TAMPER, TAMPER
SCHIFF RIPS DON FOR MEDDLING WITH IMPEACH WITNESS —
Marie Yovanovitch really got under President Trump’s skin.
The steely former U.S. ambassador to Ukraine spelled out in excruciating impeachment testimony Friday how Trump and his cronies subjected her to a “terrible” smear campaign that culminated in her abrupt removal from Kiev — and as she recounted the mudslinging, the president attacked her in rancorous tweets.
Testifying in the second televised hearing of the House impeachment inquiry, Yovanovitch said she was “shocked, appalled, devastated,” as well as outright scared for her safety after reading the White House transcript of the July 25 phone call in which
Trump, among other things, told Ukrainian President Volodymyr Zelensky that she was “bad news” and that “things” were going to “happen to her.”
“It was a terrible moment,” Yovanovitch said. “A person who saw me actually reading the transcript said that the color drained from my face. I think I even had a physical reaction…Even now words kind of fail me.”

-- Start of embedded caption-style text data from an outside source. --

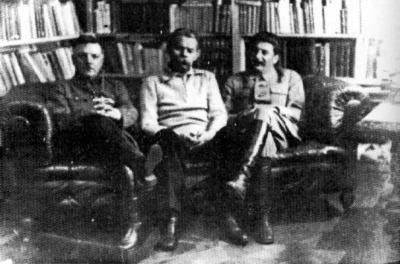 stalin-gorky-voroshilov1931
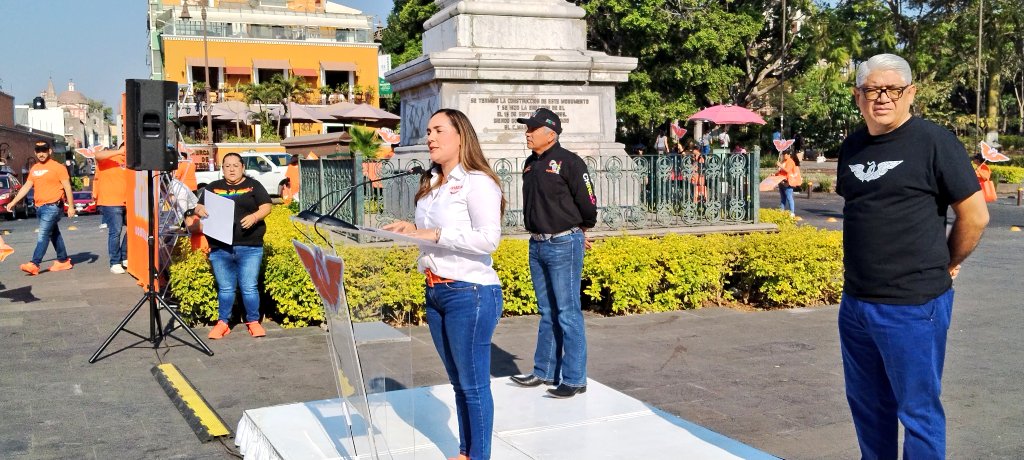 En el Zócalo de #Cuernavaca, con los dirigentes de los dos partidos que la postulan, <a href="/jesi_ortega/">Jessica Ortega ♀</a> inicia su primer semana de campaña.
Anuncia los 5 ejes de su campaña, particularmente el primero: "Seguridad ciudadana, derechos humanos y procuración de justicia"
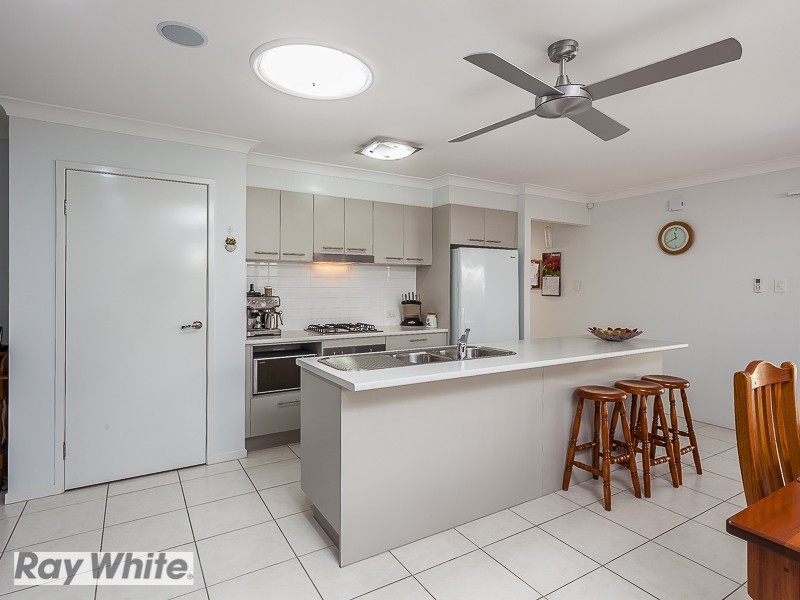 4 Palmgrove Place, North Lakes QLD 4509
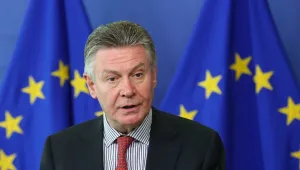 Еврокомисар с обвинение за финансови измами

She added, “It didn’t sound good. It sounded like a threat.”
As she talking about the presidential smear, Trump unleashed a fresh wave of vitriol at her.
“Everywhere Marie Yovanovitch went turned bad,” Trump tweeted of the 33-year public service veteran and daughter of immigrants who fled Communism and Nazism in Europe.
“She started off in Somalia, how did that go?” the president continued. “Then fast forward to Ukraine, where the new Ukrainian president spoke unfavorably about her in my second phone call with him. It is a U.S. president’s absolute right to appoint ambassadors…It is called, quite simply, America First!”
Despite the tweet, it was Trump, not Zelensky, who badmouthed Yovanovitch on the call. During the call, Trump infamously also asked Zelensky to do him “a favor” by publicly announcing investigations of Joe Biden’s family and other Democrats before the 2020 election — requests that are at the heart of the impeachment probe.
House Intelligence Chairman Adam Schiff, the leader of
the Democratic impeachment push, picked up on Trump’s derisive tweet in real-time and asked Yovanovitch to respond.
“Well, it’s very intimidating,” she said, shaking her head.
But, Yovanovitch stressed, she would not be silenced by the president’s bullying.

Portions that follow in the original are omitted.